Space Shuttle Atlantis
By Marty McDowell/NASA
Atlantis, the fourth orbiter to become
operational at Kennedy Space Center, was named after the primary research
vessel for the Woods Hole Oceanographic Institute in Massachusetts from
1930 to 1966. The two-masted, 460-ton ketch was the first U.S. vessel to
be used for oceanographic research. Such research was considered to be one
of the last bastions of the sailing vessel as stream-and-diesel-powered
vessels dominated the waterways.
The steel-hulled ocean research ship was approximately 140 feet long
and 29 feet wide to add to her stability. She featured a crew of 17 and
room for five scientists. The research personnel worked in two onboard
laboratories, examining water samples and marine life brought to the
surface by two large winches from thousands of feet below the surface. The
water samples taken at different depths varied in temperature, providing
clues to the flow of ocean currents. The crew also used the first
electronic sounding devices to map the ocean floor.
The spaceship Atlantis has carried on the spirit of the sailing vessel
with several important voyages of its own, including the Galileo planetary
explorer mission in 1989 and the deployment of the Arthur Holley Compton
Gamma Ray Observatory in 1991.
In the day-to-day world of Shuttle operations and processing, Space
Shuttle orbiters go by a more prosaic designation.

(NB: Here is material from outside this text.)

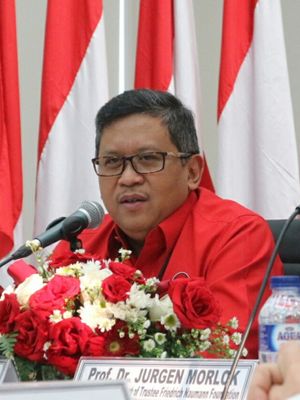 Sekretaris Jenderal PDI Perjuangan, Hasto Kristiyanto ketika menerima kunjungan persahabatan Prof. Dr. Jurgen Morlok, Chairman of the Board of Trustee Friedrich Naumann Foundation di kantor DPP PDI Perjuangan, Jakarta, Senin (30/10/2017).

Atlantis is commonly
referred to as OV-104, for Orbiter Vehicle-104. Empty Weight was 151,315
lbs at rollout and 171,000 lbs with main engines installed.
Upgrades and Features
Atlantis benefited from lessons learned in the construction and testing
of Enterprise, Columbia
and Challenger. At rollout, its weight was
some 6,974 pounds less than Columbia. The Experience gained during the
Orbiter assembly process also enabled Atlantis
to be completed with a 49.5 percent reduction in man hours (compared to
Columbia). Much of this decrease can be attributed to the greater use of
thermal protection blankets on the upper orbiter body instead of tiles.

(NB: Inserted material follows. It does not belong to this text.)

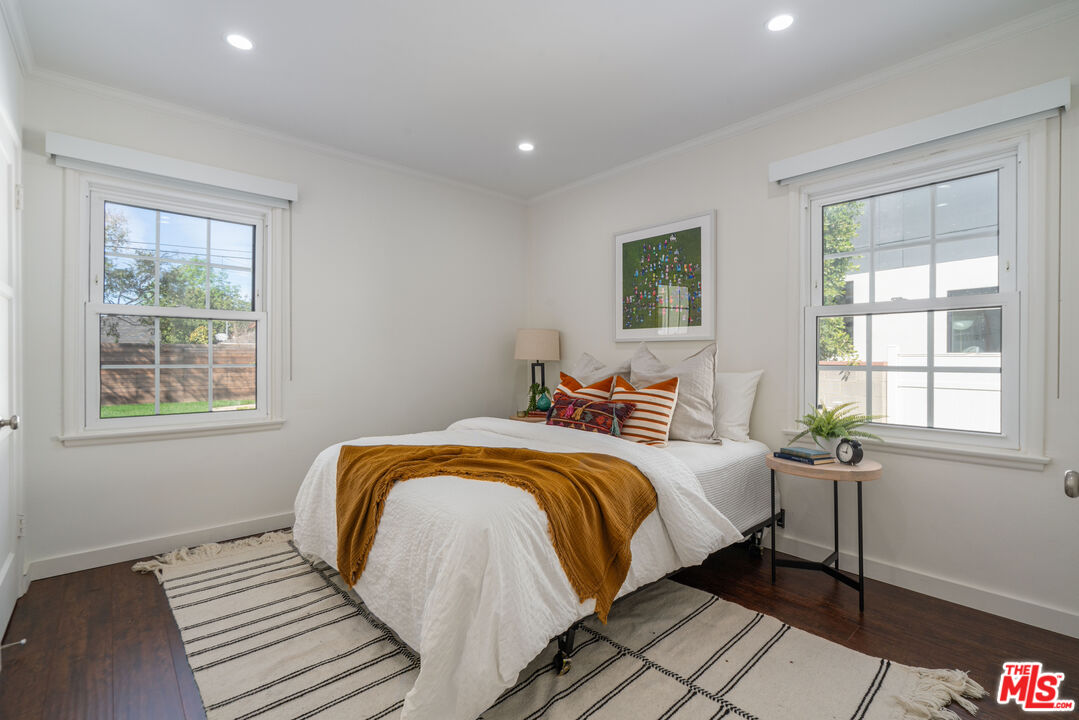 12817 Indianapolis St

During the construction of Discovery and
Atlantis, NASA opted to have the various contractors manufacture a set of
'structural spares' to facilitate the repair of an Orbiter if one was
damaged during an accident. This contract was valued at $389 million and
consisted of a spare aft-fuselage, mid-fuselage, forward fuselage halves,
vertical tail and rudder, wings, elevons and a body flap. These spares
were later assembled into the orbiter Endeavour.
Atlantis was shipped to California to undergo upgrades and modifications.
These modifications include a drag chute, new plumbing lines that
configure the orbiter for extended duration, more than 800 new heat
protection tiles and blankets and new insulation for the main landing gear
doors, structural mods to the Atlantis airframe. Altogether, 165
modifications were made to Atlantis over the 20 months it spent in
- 01/29/79 Contract Award
- 03/03/80 Start structural assembly of Crew Module
- 11/23/81 Start structural assembly of aft-fuselage
- 06/13/83 Wings arrive at Palmdale from Grumman
- 12/02/83 Start of Final Assembly
- 04/10/84 Completed Final Assembly
- 03/06/85 Rollout from Palmdale
- 04/03/85 Overland transport from Palmdale to Edwards
- 04/09/85 Delivery to Kennedy Space Center
- 09/05/85 Flight Readiness Firing
- 10/03/85 First Flight (51-J)
Atlantis "destacked" on 01/27/88,
Atlantis's Flights to date:
- 01. 51-J (10/3/85)
- 02. 61-B (11/26/85)
- 03. STS-27 (12/2/88)
- 04. STS-30 (05/04/89)
- 05. STS-34 (10/18/89)
- 06. STS-36 (02/28/90)
- 07. STS-38 (11/15/90)
- 08. STS-37 (04/05/91)
- 09. STS-43 (08/02/91)
- 10. STS-44 (11/24/91)
- 11. STS-45 (03/24/92)
- 12. STS-46 (07/31/92)
- 13. STS-66 (11/03/94)
- 14. STS-71 (6/27/95)
- 15. STS-74 (11/12/95)
- 16. STS-76 (03/22/96)
- 17. STS-79 (9/16/96)
- 18. STS-81 (1/12/97)
- 19. STS-84 (5/15/97)
- 20. STS-86 (9/25/97)
To Palmdale for repairs 11/5/97 (arrived 11/14/97, returned
- 21. STS-101 (3/16/99)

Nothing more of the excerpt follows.